- Pesquisas divulgadas nesta quarta-feira apontam Flávio Bolsonaro (PL-RJ) como o nome do bolsonarismo para enfrentar Lula em um provável segundo turno.
- A pesquisa do Meio-Ideia mostra crescimento de Flávio na espontânea, com avaliação de que não há um favorito claro e que a fragmentação da direita pode favorecer Lula.
- A coluna de Josias de Souza destaca que a fragmentação da direita favorece uma disputa apontando possível mudança de cenário, mesmo com Flávio ganhando força.
- A pesquisa do Instituto Nexus, sobre relevância digital, indica Lula na liderança no ranking, mas com Flávio em ascensão impulsionado pela pré-candidatura.

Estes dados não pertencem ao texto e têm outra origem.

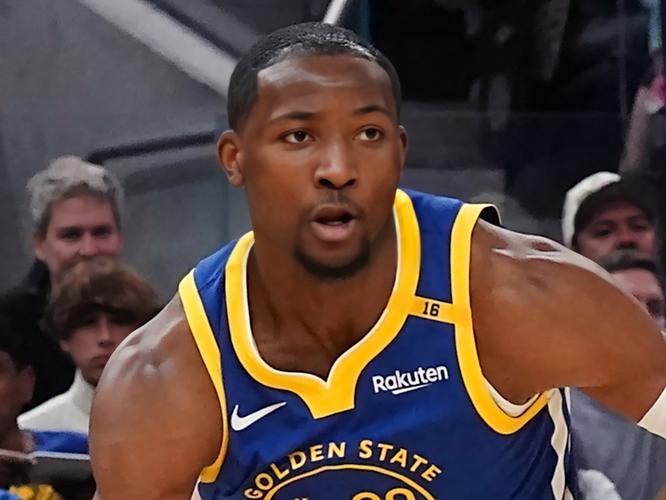 科尔：库明加真的成熟了 有几个高难度出手后他马上示意不该投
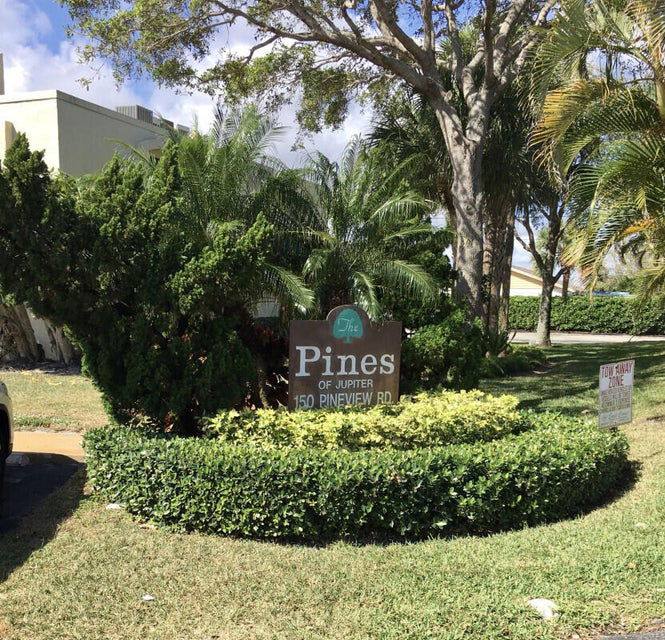 Apartment for rent at 150 Pineview Rd, Jupiter, FL 33469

- Ronaldo Caiado, governador de Goiás e figura da chamada terceira via, aparece em quinto na relevância digital.
Duas pesquisas divulgadas nesta quarta-feira apontam Flávio Bolsonaro como o principal nome do bolsonarismo para enfrentar Lula em um provável segundo turno. Os levantamentos destacam o crescimento do senador pelo Rio de Janeiro, filiado ao PL, entre eleitores que apoiam a direita.
Na leitura de especialistas, não há um favorito claro, mas a fragmentação da direita pode favorecer Lula em cenários de disputa. A avaliação também ressalta que a força de Bolsonaro pode reduzir o espaço para outros nomes de oposição.
Segundo o Meio-Ideia, Flávio aparece com ganho na espontânea, impulsionado pela percepção de continuidade de um projeto ligado ao núcleo familiar, desde a prisão do pai. O colunista Josias de Souza comenta que a fragmentação da direita favorece Lula, que depende de uma mobilização liberal de centro para manter vantagem.
Para Daniela Lima, há também o componente de relevância digital. O Instituto Nexus aponta que Lula lidera em visibilidade online, mas Flávio ganha espaço devido à pré-candidatura de seu clã. O governador Ronaldo Caiado figura em quinto no ranking de relevância citado pela análise.
- Outros olhares
- A cobertura de colunistas destaca a disputa entre nomes da chamada terceira via e a consolidação de pautas que podem influenciar o tom daPolarização eleitoral.
Contexto e desdobramentos indicam que o cenário ainda está em evolução, com movimentos estratégicos de partidos e atores políticos que podem alterar o rastro das intenções de voto nas próximas semanas. As fontes citadas incluem análises de Meios especiais, colunistas e institutos de pesquisa.